Application domain: | Prediction of rodent carcinogenicity bioassays |
Further specification: | Data set describing 330 chemicals with atom/bond facts |
Pointers: | http://www.gmd.de/ml-archive/ILP/public/data/chemical_cancer |
Data complexity: | 544 KB (ASCII) |
Data format: | Progol |
An understanding of the molecular mechanisms of chemical carcinogenesis is central to the prevention of many environmentally induced cancers. One approach is to form Structure-Activity Relationships (SARS) that empirically relate molecular structure with the ability to cause cancer. This work has been greatly advanced by the long-term carcinogenicity tests of compounds in rodents by the National Toxicology Program conducted by the National Institute of Environmental Health Sciences. These tests have resulted in a database of more than 300 chemicals that have been shown to be carcinogenic or otherwise. These compounds present a problem for many conventional SAR techniques because (1) they are structural extremely diverse; and (2) many different molecular mechanisms are thought to be involved. Most conventional SAR methods are designed to deal with compounds having a common molecular template and similar molecular mechanisms of action. It is of interest to see if ILP programs, which do no make such assumptions, can obtain rules that predict accurately the causes for carcinogenic activity amongst these molecules.

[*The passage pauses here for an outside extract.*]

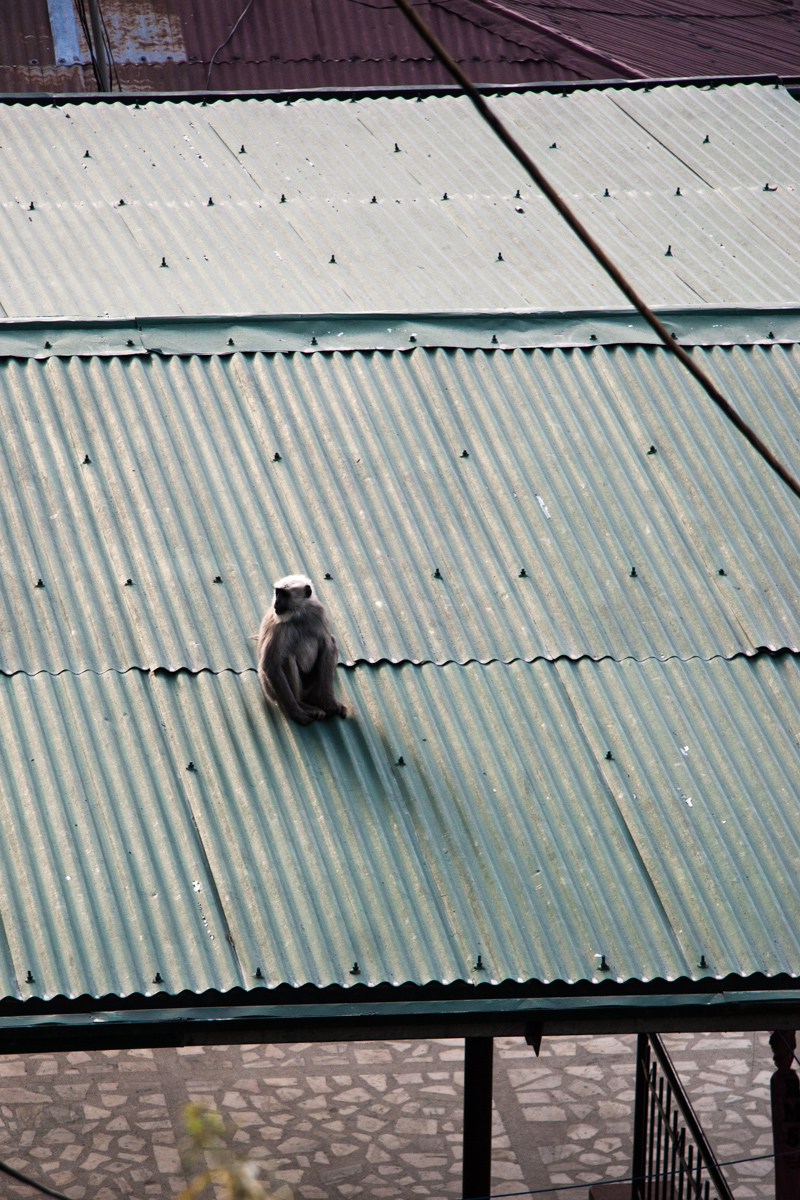 Monkey on a Tin Roof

The data are important as they represent a wider class of molecules than those considered previously by any ILP algorithm. Further, the volume of data is also greater than that attempted earlier (for example, in the mutagenicity experiments with Progol).
The compilation of 330 chemicals was taken from the Collective data base of the National Cancer Institute and National Toxicology Program (Huff and Haseman 1991). The compounds used were all the organic compounds that had completed NTP reports at the time of this work. Inorganic compounds were not included as it was considered that there are too few of them to allow meaningful generalisations. Of the 330 compounds, 182 (55 %) are classified carcinogenic, and the remaining 148 non-carcinogenic. Carcinogenicity is determined by analysis of long term rodent bioassays. Compounds classified by the NTP as equivocal are considered non-carcinogenic, this allows direct comparison with other predictive methods. No analysis was made of differences in incidence between rat and mouse cancer, or the role of sex, or particular organ sites.

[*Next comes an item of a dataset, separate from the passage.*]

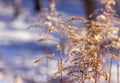 Dry grassy plants and twigs on a natural light snowy background. Royalty Free Stock Photo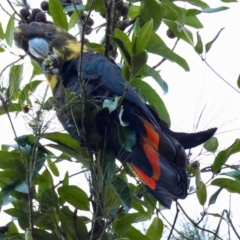 Calyptorhynchus lathami lathami at Moruya, NSW - suppressed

Using the same background knowledge of generic chemical structures as that supplied for earlier experiments on predicting mutagenicity, SAR rules obtained with Progol were compared against other widely used SAR methods. Accuracies of 64% (train/test split) and 63% (cross-validation) were achieved by Progol. No SAR models (of either human or machine origin) were significantly more accurate than Progol. Progol's SAR was also the most accurate method that did not use data from biological tests on rodents (these data were not available). A set of structural alerts for carcinogenicity was generated automatically and the chemical rationale for them investigated. Unlike other SAR methods, the Progol alerts are statistically independent of those available from an existing carcinogenesis test based on Salmonella mutagenecity.